[[ DATA RECORDS open ]]

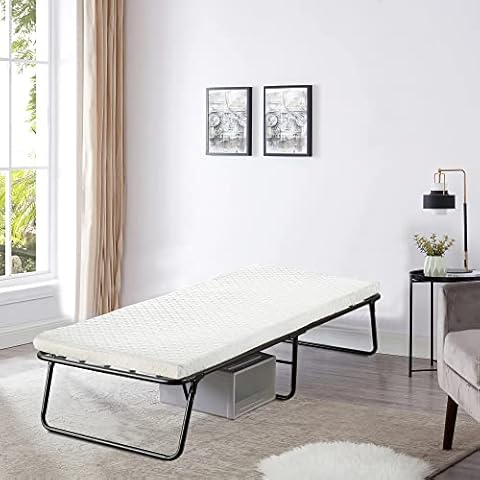 Spring Sleep, 14” Folding Bed with Luxurious Memory Foam Mattress, Strong and Sturdy Metal Frame, Portable Guest Bed for Easy Storage, 31-Inch, White Cover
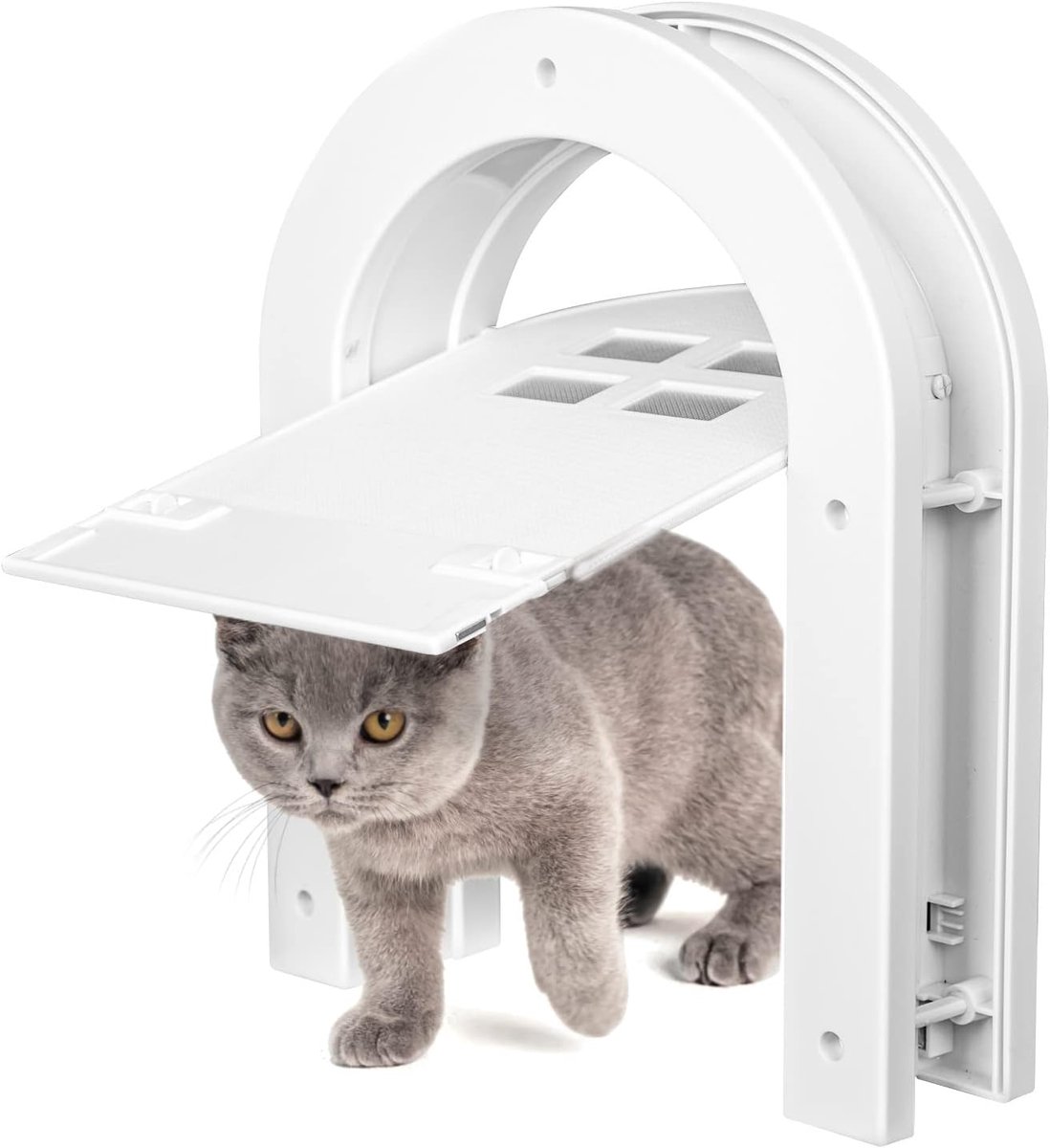 Cat flap - Cat flaps - Cat flap with tunnel - Small cat flap - Cat door - White - Magnetic closure - Waterproof - Suitable for medium & small cats - Indoor & outdoor doors - Size M - Image 1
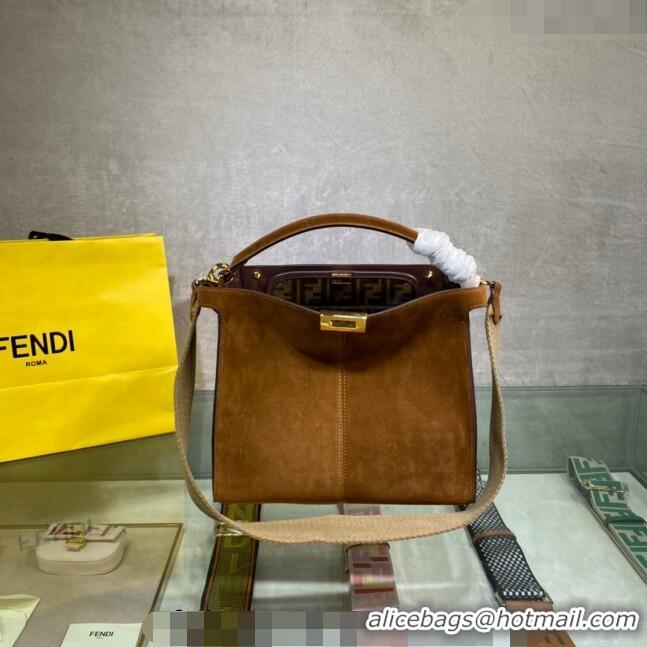 Promotional Fendi Peekaboo Small Tote Bag in Suede with Strap F8081 Brown 2024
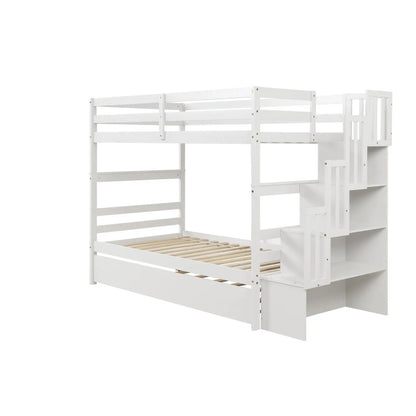 Twin Bunk Beds With Trundle & Stairway Storage In White Siesta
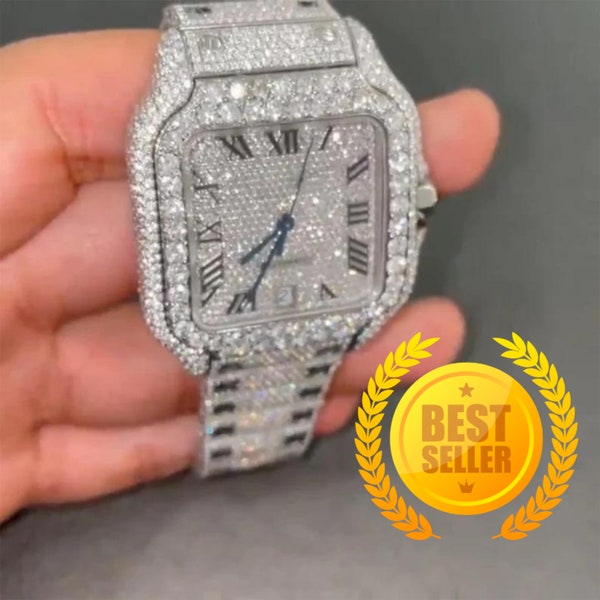 Moissanite horloge | diamanten horloge | bevroren horloge | hiphophorloge | luxe horloge | bevroren | automatisch horloge | horloges voor heren | horloge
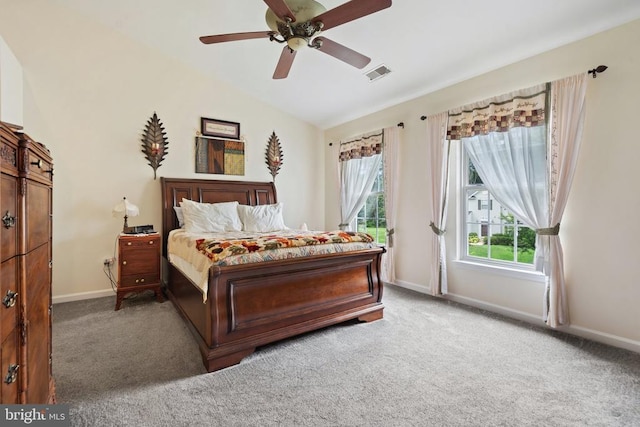  - bedroom featuring carpet, ceiling fan, and lofted ceiling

[[ DATA RECORDS closed ]]

Starting at the line that contains "Promotional Fendi Peekaboo", output every line through the end of the data, both ends included, and nothing else; pictures stay out.

 Promotional Fendi Peekaboo Small Tote Bag in Suede with Strap F8081 Brown 2024
 Twin Bunk Beds With Trundle & Stairway Storage In White Siesta
 Moissanite horloge | diamanten horloge | bevroren horloge | hiphophorloge | luxe horloge | bevroren | automatisch horloge | horloges voor heren | horloge
  - bedroom featuring carpet, ceiling fan, and lofted ceiling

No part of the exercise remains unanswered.